The conversion is pretty straightforward, and takes about 2 hours, with beer breaks, if you have all the parts:
Disconnect the fuel lines and remove the tank. Disconnect the lower end of the brake lines, and drain them carefully. Take the lid off the master cylinder, so it drains too.
Screw the brake cable adjuster in on the left handlebar, unhook the cable, then screw the adjuster all the way out to disconnect the cable.
Put the cap back on the master cylinder. Unplug the electrical connectors from the brake switch on the master cylinder, then carefully remove the old master cylinder and old brakes lines completely. Use rags rubber-banded over the ends of the brake lines to keep brake fluid from dripping out.
Remove the throttle cam cover on the right grip assembly, disconnect the throttle cables, disconnect the switch cluster, and remove the old right grip assembly.
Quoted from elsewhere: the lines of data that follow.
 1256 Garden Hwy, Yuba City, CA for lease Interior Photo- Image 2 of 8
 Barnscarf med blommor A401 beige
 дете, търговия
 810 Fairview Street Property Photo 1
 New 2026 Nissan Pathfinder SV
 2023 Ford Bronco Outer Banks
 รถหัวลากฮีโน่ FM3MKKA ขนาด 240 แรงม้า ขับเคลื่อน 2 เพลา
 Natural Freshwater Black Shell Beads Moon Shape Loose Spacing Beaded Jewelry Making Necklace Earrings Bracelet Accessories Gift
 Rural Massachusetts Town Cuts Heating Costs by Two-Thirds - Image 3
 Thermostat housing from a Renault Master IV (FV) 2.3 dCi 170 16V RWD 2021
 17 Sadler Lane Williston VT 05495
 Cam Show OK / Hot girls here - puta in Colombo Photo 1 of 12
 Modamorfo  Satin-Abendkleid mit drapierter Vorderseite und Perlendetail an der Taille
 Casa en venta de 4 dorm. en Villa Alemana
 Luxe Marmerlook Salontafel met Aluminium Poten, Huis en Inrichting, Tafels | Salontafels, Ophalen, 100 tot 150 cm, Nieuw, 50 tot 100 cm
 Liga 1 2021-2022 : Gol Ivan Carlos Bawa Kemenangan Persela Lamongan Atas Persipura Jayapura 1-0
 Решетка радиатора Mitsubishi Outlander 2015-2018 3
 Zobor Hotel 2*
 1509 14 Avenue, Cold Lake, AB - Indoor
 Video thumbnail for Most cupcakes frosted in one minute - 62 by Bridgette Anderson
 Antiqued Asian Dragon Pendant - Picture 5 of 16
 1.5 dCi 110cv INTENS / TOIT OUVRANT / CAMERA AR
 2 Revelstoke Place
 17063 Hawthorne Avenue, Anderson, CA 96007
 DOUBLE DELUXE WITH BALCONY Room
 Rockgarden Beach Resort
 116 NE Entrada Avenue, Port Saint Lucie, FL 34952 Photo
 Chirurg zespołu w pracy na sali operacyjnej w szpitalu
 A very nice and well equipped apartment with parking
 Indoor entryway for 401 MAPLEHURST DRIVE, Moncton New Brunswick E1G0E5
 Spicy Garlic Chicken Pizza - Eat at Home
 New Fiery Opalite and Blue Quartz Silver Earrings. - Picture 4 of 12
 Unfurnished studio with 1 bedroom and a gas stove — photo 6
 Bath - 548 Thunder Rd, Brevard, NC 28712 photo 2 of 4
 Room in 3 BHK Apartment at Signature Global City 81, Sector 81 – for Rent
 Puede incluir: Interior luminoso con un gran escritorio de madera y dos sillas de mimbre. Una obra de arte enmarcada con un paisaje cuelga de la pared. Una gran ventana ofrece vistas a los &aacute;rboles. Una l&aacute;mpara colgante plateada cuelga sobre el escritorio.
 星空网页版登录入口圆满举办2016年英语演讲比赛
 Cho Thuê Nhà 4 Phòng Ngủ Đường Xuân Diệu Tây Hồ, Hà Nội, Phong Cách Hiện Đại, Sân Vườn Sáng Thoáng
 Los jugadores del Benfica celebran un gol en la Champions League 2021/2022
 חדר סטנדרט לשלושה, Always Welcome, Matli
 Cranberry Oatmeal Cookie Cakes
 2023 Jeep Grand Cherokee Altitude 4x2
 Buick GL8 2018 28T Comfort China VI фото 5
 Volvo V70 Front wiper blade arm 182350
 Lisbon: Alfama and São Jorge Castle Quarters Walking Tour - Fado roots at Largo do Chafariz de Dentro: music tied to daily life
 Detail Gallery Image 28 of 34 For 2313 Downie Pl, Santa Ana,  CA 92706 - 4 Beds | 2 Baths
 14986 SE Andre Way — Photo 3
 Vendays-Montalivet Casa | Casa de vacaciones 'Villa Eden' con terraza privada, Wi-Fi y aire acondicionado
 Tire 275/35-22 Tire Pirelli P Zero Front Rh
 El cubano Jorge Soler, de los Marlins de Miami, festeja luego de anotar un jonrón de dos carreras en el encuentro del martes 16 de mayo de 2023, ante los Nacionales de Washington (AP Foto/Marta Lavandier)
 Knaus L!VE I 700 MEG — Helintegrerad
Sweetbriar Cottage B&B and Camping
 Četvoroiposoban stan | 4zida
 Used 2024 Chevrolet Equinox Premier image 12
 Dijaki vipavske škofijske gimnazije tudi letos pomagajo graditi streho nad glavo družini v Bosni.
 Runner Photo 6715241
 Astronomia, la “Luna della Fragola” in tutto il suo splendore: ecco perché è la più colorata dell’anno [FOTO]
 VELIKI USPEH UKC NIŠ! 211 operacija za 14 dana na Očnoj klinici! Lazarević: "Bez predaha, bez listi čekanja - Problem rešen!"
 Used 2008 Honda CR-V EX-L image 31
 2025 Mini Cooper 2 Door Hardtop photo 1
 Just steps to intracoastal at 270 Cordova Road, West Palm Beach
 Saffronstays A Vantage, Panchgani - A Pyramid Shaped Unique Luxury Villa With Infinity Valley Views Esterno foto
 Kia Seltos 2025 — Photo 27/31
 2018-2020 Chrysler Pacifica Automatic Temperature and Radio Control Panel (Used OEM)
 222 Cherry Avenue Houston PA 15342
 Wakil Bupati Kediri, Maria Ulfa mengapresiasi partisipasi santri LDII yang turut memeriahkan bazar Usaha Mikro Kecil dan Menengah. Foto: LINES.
Loosely mount the braided lines to the new master cylinder assembly with the double banjo bolt and with copper washers in between the brake line terminators, and mount the assembly on the handlebar. Position the lines to run between the forks in front of the upper triple clamp, and behind the lower triple clamp. Tighten the banjo bolt with the lines in place, once you are sure that they will clear everything as you turn the fork from lock to lock.
Install the throttle cam with grease, reconnect the throttle cables, install the throttle grip with the correct cam alignment and more grease, and screw the throttle cam cover on. Extra hands may be helpful :-)
Replace the brake line grommets, and attach the brake lines.
Install the new throttle switch, route the wire down behind the head tube, and plug the male spade connectors into the original brake switch female spade connectors. Zip-tie the wires in place, making sure they don't bind as you turn the fork from lock to lock. With the ignition on, make sure the switch is activating the rear brake light.
Fill the master cylinder and bleed the system. You will probably also need to re-synchronize the carbs.
It is amazing how much better the ATE brakes feel with a handlebar-mounted master cylinder and steel lines. With good soft pads, the front brakes work very well and are up to modern performance standards.
Kudos to Colleen Bray now at Bob's BMW in Maryland, and Bob Schenker in Oakland, CA, for helping me put this together. It was Bob's pioneer work with his 1981 R100S brakes that convinced me to do this.